▶ **WHAT YOU NEED TO DO**
Restate word for word the lines below from the one that has "1 عدد تمبر صدمین" through the one that has "Image of Utkarsh", keeping both and dropping all pictures.

▶ **RECORDS SUPPLIED**
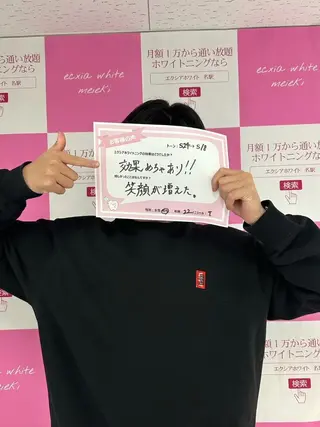 セルフホワイトニング エクシア 京都四条店のその他イメージ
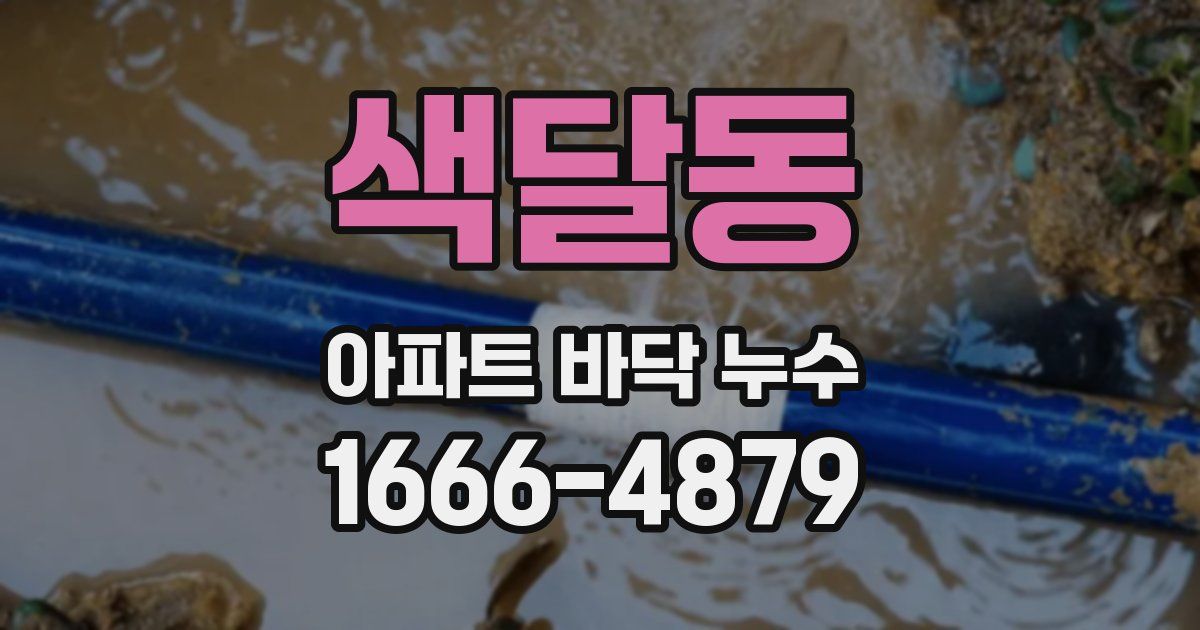 색달동 아파트 바닥 누수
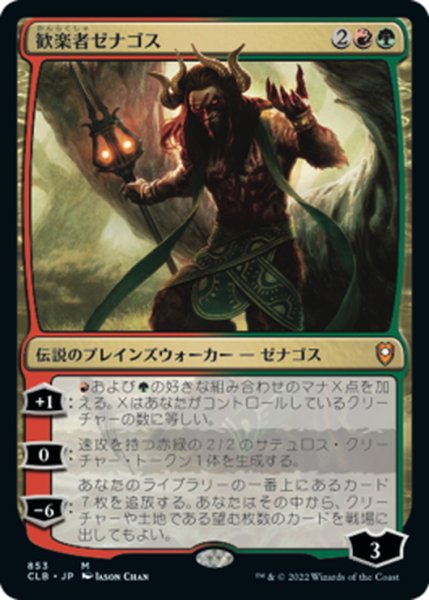 画像1: 【JPN】歓楽者ゼナゴス/Xenagos, the Reveler[MTG_CLB_853M] (1)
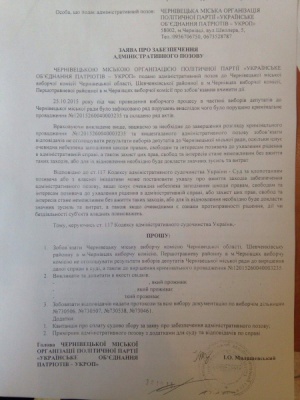 У Чернівцях партія "УКРОП" вимагає перевиборів через суд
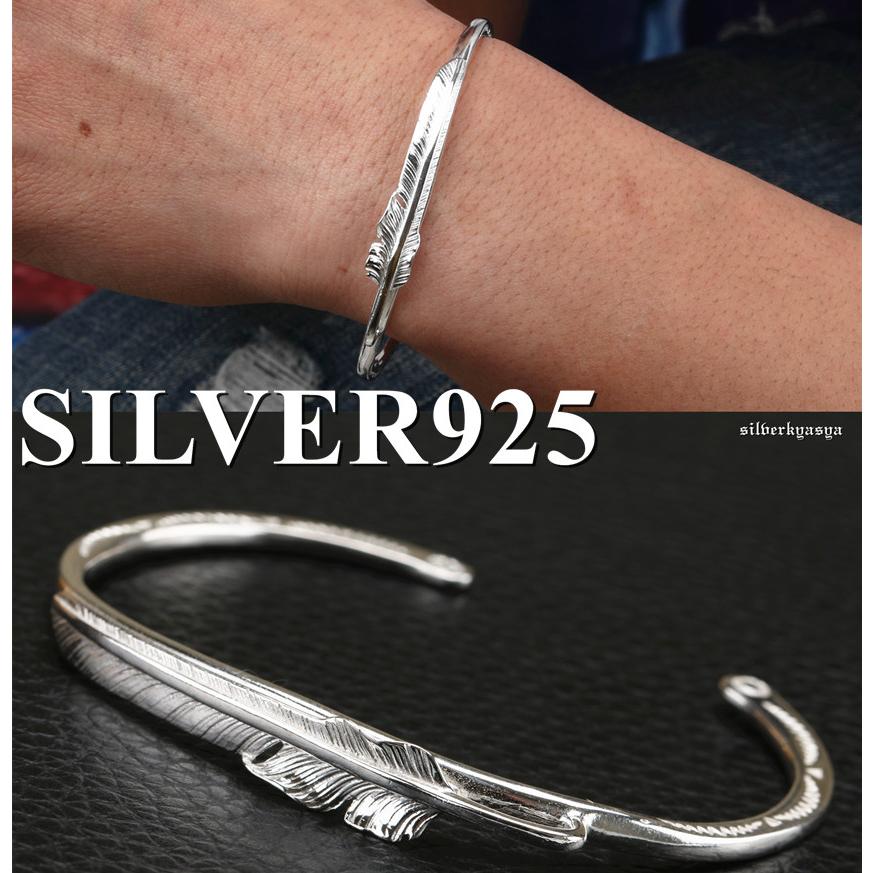 シルバー925 バングル レデース メンズ ブレスレット 925 フェザー 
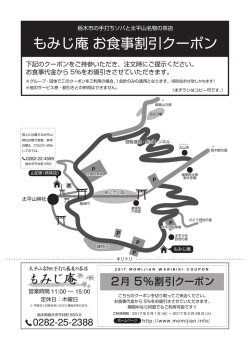 もみじ庵お食事割引クーポン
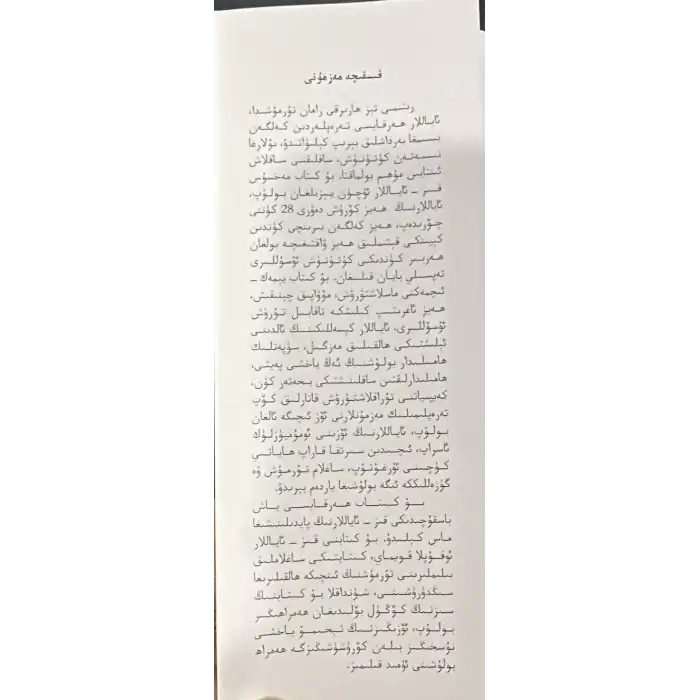 28 كۈنلۈك ئاياللار كۈتۈنۈش كۆرسەتمىسى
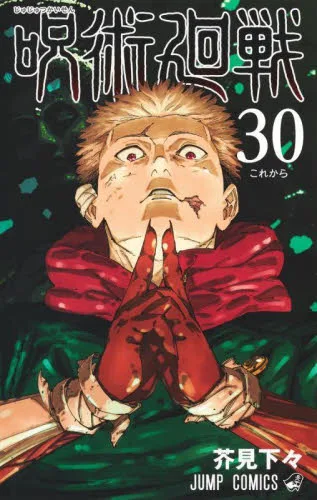 【新品・全巻セット】呪術廻戦 コミック 0+1-30巻セット 集英社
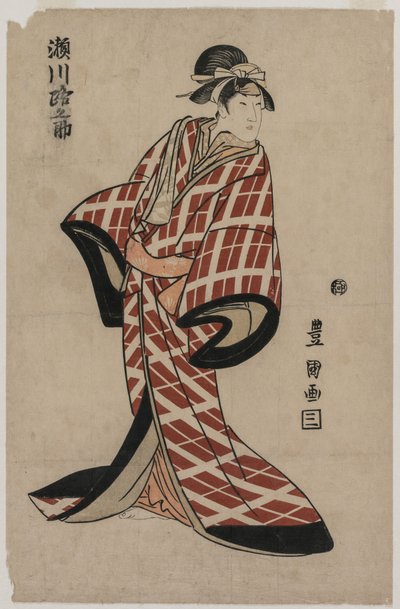 Segawa Michinosuke in een gewatteerde geruite mantel door Utagawa Toyokuni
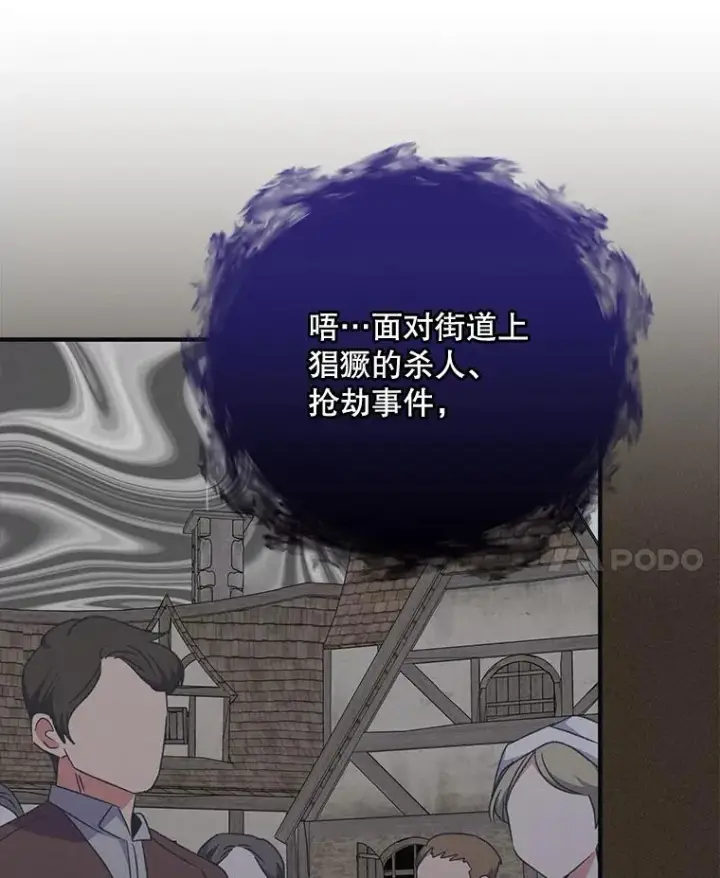 《伊格列特》57.再见弗里德图79
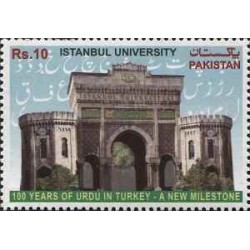 1 عدد تمبر صدمین سال تاسیس دانشگاه اردو استانبول ترکیه - پاکستان 2015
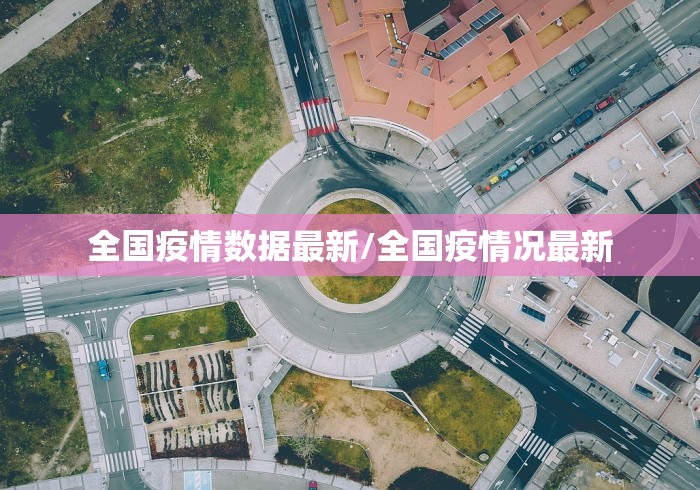 全国疫情数据最新/全国疫情况最新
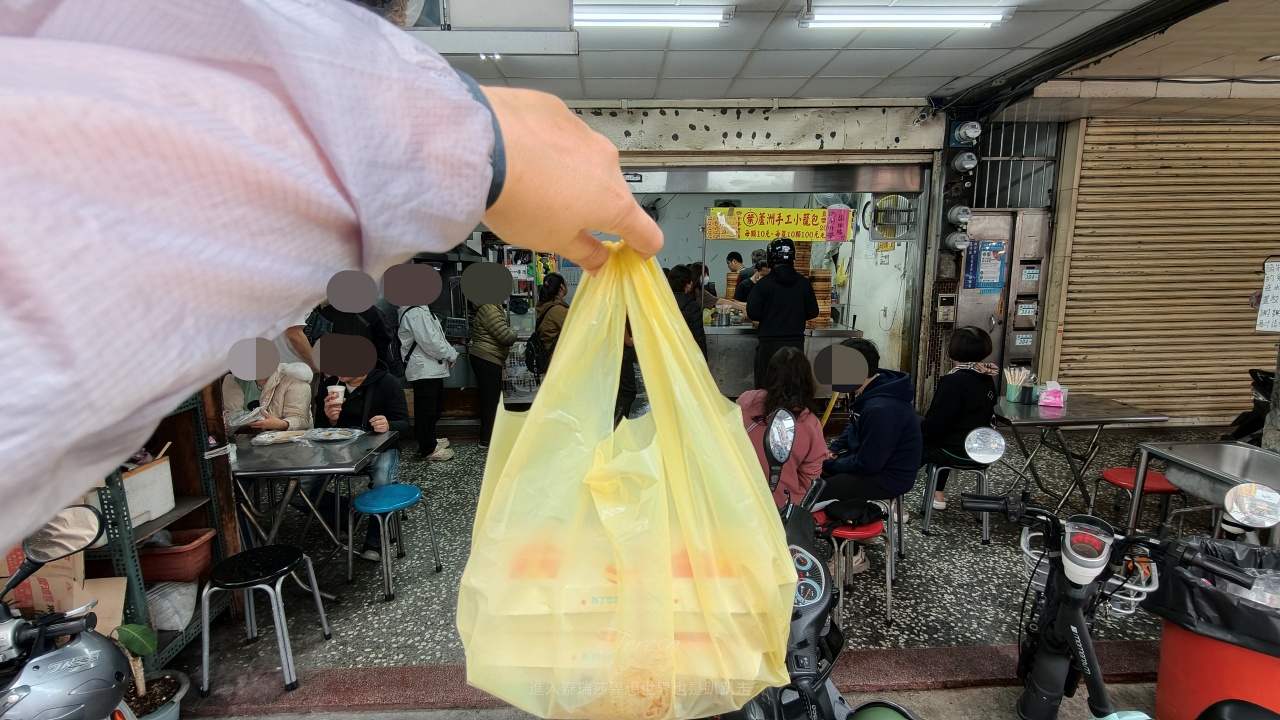 |蘆洲排隊美食|在地飄香40年，蘆洲在地美味銅板早餐👉葉家手工小籠包~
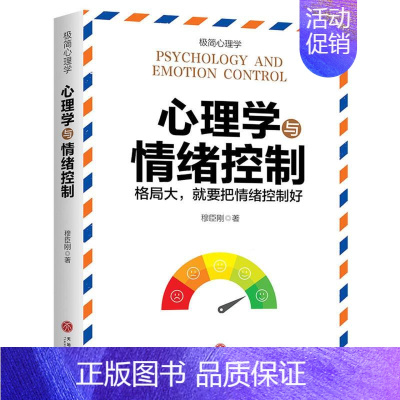 [正版]心理学与情绪控制 穆臣刚|责编:袁静梅 天地 图书书籍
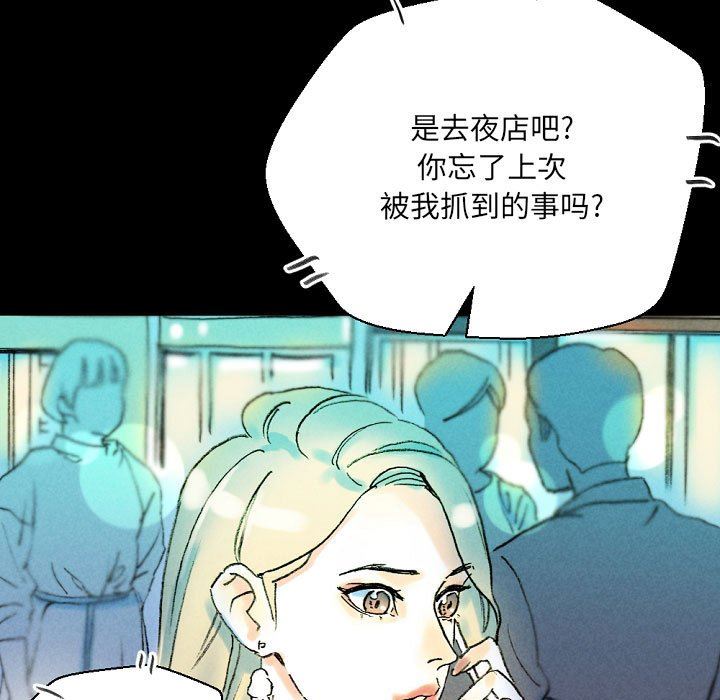 完美情人養成記第34話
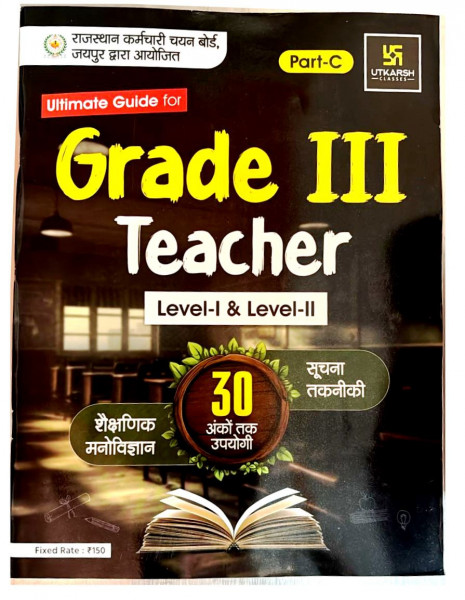 Image of Utkarsh  Grade 3rd Teacher Level-1 &amp; 2 Suchna Takniki Shekshanik Manovigyan Guide Book Part-c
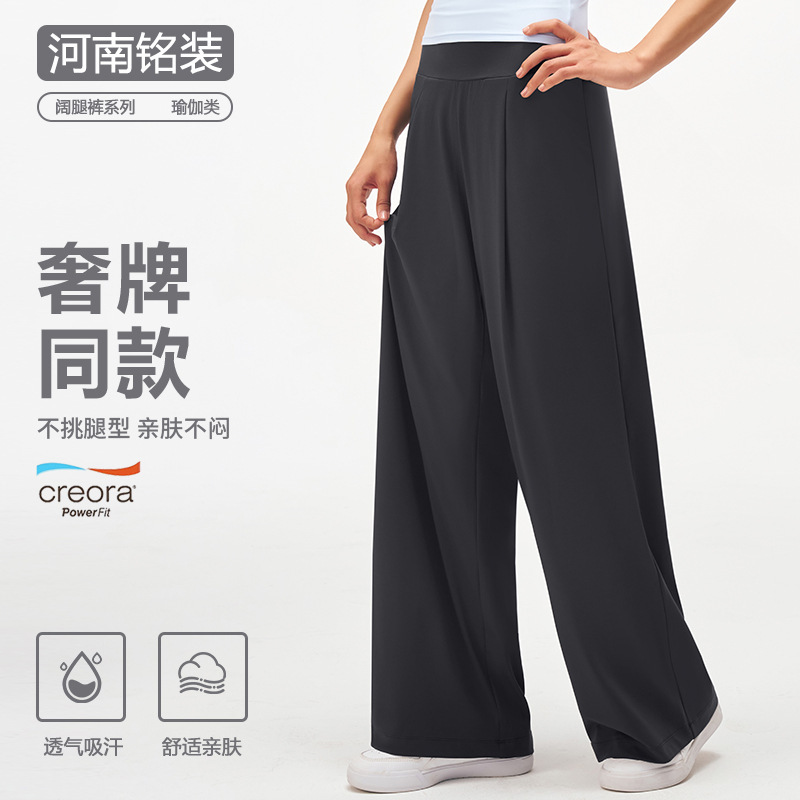 Summer Thin Sports Pants for Women, Loose Straight-Leg Wide-Leg Pants, High-Waisted Loose Yoga Pants, Breathable Quick-Dry Sports Long Pants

▶ **TASK SOLUTION**
 1 عدد تمبر صدمین سال تاسیس دانشگاه اردو استانبول ترکیه - پاکستان 2015
 全国疫情数据最新/全国疫情况最新
 |蘆洲排隊美食|在地飄香40年，蘆洲在地美味銅板早餐👉葉家手工小籠包~
 [正版]心理学与情绪控制 穆臣刚|责编:袁静梅 天地 图书书籍
 完美情人養成記第34話
 Image of Utkarsh  Grade 3rd Teacher Level-1 &amp; 2 Suchna Takniki Shekshanik Manovigyan Guide Book Part-c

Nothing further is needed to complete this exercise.